The former network manager of VRT1 and VRT Canvas, Lotte Vermeir, has repeatedly sounded the alarm about inappropriate behavior by Ricus Jansegers, the content director who had to resign together with her in September.
This is evident from an email that Vermeir sent to Flemish Minister of Media Cieltje Van Achter (N-VA) where There quotes from. The email also arrived The Standard justifiably. “I suspect that you have not been informed correctly,” Vermeir writes. She is responding to statements made by Van Achter in the Flemish Parliament two weeks ago. He then stated that VRT CEO Frederik Delaplace had told her that he was “not aware of any complaints about inappropriate behavior” by Jansegers.
Like The Standard As previously reported, the VRT top has been repeatedly informed by Vermeir since 2022 about Jansegers’s problematic behavior, according to her. “I discussed it with the HR director (Karen Donders, ed.) and the CEO, Frederik Delaplace,” Vermeir now states in her email. “Because little happened with this, I also reported it to the chief of staff of the Minister of Media (Benjamin Dalle (CD&V), predecessor of Van Achter, ed.).”
She then writes how her reports “cost her dearly”, in the form of a negative evaluation in 2023, by Jansegers, who was Vermeir’s superior. “It wasn’t about my results, it was about my lack of loyalty. I also reported this again to Karen Donders and Frederik Delaplace. I literally said that the conversation about the evaluation was cross-border.” She says her request to investigate the matter further was not followed. “I was given a coach, a mediator, to learn how to deal with Ricus.”
Other complainants
The same year, four other female employees tried to jointly address Jansegers’ behavior, says Vermeir, but an internal coach allegedly refused to support them in this. According to information from The Standard This concerns all high-ranking people within the VRT. At an external prevention service, Vermeir was told that a complaint through them would result in a report that would go to the CEO, “whom we now knew was minimizing these complaints and worse, that they could lead to a negative evaluation.”
This year she again raised issues with HR director Karen Donders, including the rude statements that Jansegers allegedly made, where The Standard reported, such as “I’ll cut your balls off with an unsharp knife”. Donders would not have described it as toxic. Vermeir also filed a whistleblower report and raised the issue with various confidential counselors and prevention services, but received no response, she says. In total there would be about ten reports.

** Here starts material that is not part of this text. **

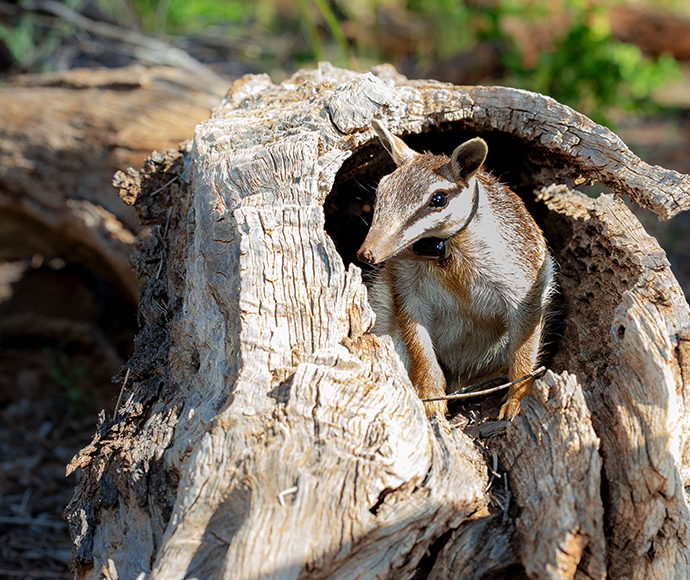 "A reintroduced male numbat at Mallee Cliffs, wearing a radio-tracking collar, perched on a tree branch with a backdrop of leaves and bark.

-“We personally reported this to several people in the office of the CEO, in the office of the HR director, even to the chief of staff, because we received no response. Where should you go if you want to address toxic leadership from a director?”
Take revenge
The email comes at an unpleasant time for Delaplace. He is expected in the Flemish Parliament on Thursday to present the VRT’s annual report, as he does every year. Several MPs who are critical of the VRT leadership are keen to talk about the scandals at the VRT sooner.
Such as Gwendolyn Rutten (Open VLD), who has already expressed strong criticism of the VRT leadership. According to her, this violates the protection of internal whistleblowers. Vermeir was fired after an investigation in her department, conducted by the internal welfare department, according to Rutten at the request of CEO Delaplace. That investigation was initiated, according to Rutten, by the head of that service. But that person was informed barely a week before that Vermeir was a whistleblower. According to Rutten, this may indicate that the VRT leadership wanted to take revenge on Vermeir.
“If a recognized whistleblower is dismissed, there is ‘a presumption of retaliation’,” Rutten writes in an opinion piece in this newspaper. “For the VRT, the presumption of revenge against a whistleblower applies today, until proven otherwise. That can count for a value-driven public broadcaster.” Some, such as Bram Jaques (Green), are calling for Delaplace’s resignation.
Minister Van Achter says that she has given the email “the appropriate response by delivering it to the welfare service of our public broadcaster”. However, that is the agency that drew up the report on the basis of which Vermeir was fired. She calls making statements about a specific personnel file “inappropriate”. “What does count is that the VRT takes its responsibility and does everything to prevent inappropriate behavior.” The VRT did not want to respond.